API Keys Are Not Passwords. Stop Designing Them Like They Are.
A production-grade model for key format, storage, scope, and rotation
Most teams treat API keys like passwords. Store the hash. Compare on login. Done.
That's half the model. And the half they miss is what turns a leaked key into a production incident.
A password identifies a human at a browser. An API key identifies a service, a CI job, or an integration — it carries scope, it controls blast radius, and it needs to be rotatable without downtime. Designing it like a password ignores every one of those requirements.
This post is about what a production-grade API key system actually looks like — from format to storage to scope to rotation to the playbook you run when one leaks.
I – The Threat Model You're Not Thinking About
Before anything else, name what you're defending against.

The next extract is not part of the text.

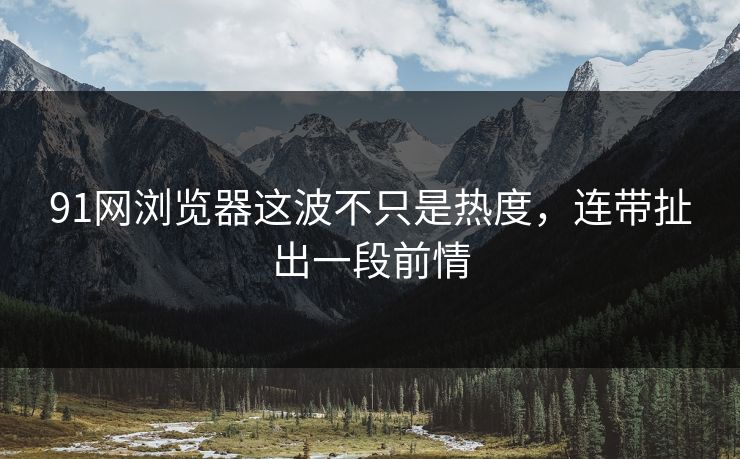 91网浏览器这波不只是热度，连带扯出一段前情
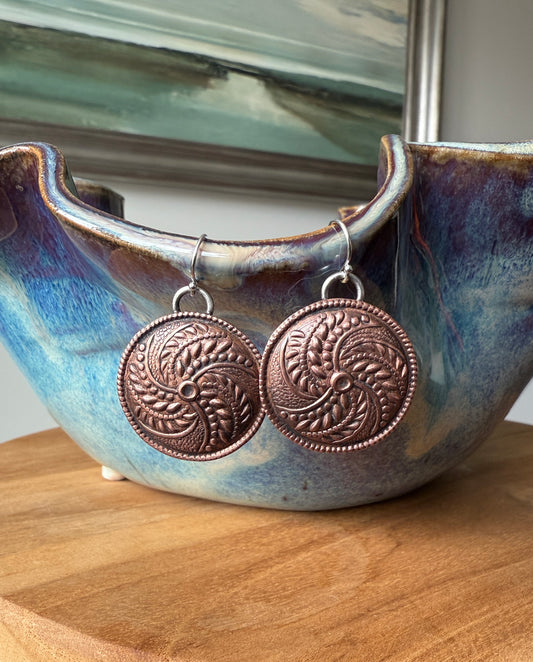 Copper Medallion Earrings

Leakage in logs. API keys in HTTP headers or query parameters end up in access logs, error logs, load balancer logs, and browser history. If the key is the only thing needed to authenticate, log leakage is a breach.
Leakage in source history. Keys committed to git. Even after removal, git history is permanent. Every fork, clone, and CI runner that ran against that history has had access.
Overpowered keys. A single global key with access to all projects and all operations. One leak, full access. The blast radius is bounded only by your imagination.
Rotation breaking automation. A CI pipeline configured with a static key. The key leaks. You revoke it. The pipeline breaks. The team scrambles. The key gets re-added to production config without going through secret management. Repeat.
Each failure mode has a design solution. None of them are addressed by "hash the key and check it on login."
II – Key Format and Entropy
The format of an API key is not cosmetic. It's a security and operational decision.
A production-quality key format looks like this:
cvk_live_a1b2c3d4e5f6g7h8i9j0k1l2m3n4o5p6q7r8s9t0
Three parts: prefix, environment, random payload.
Prefix (cvk_): Identifies the issuer. Enables secret scanning tools (GitHub, Trufflesecurity, Gitleaks) to detect leaks automatically. This is table stakes. Register your prefix with GitHub's secret scanning partner program. It takes 20 minutes and will catch leaks you would otherwise miss.
Environment (live vs test): Live keys access real data. Test keys access sandboxed data. Conflating them causes real consequences when a developer accidentally runs a test script against production.
Random payload: Minimum 128 bits of cryptographically secure randomness. Use crypto/rand or equivalent. Not math/rand. Not UUID v4 (only 122 bits and widely recognized as weak for this purpose). Not a sequential ID.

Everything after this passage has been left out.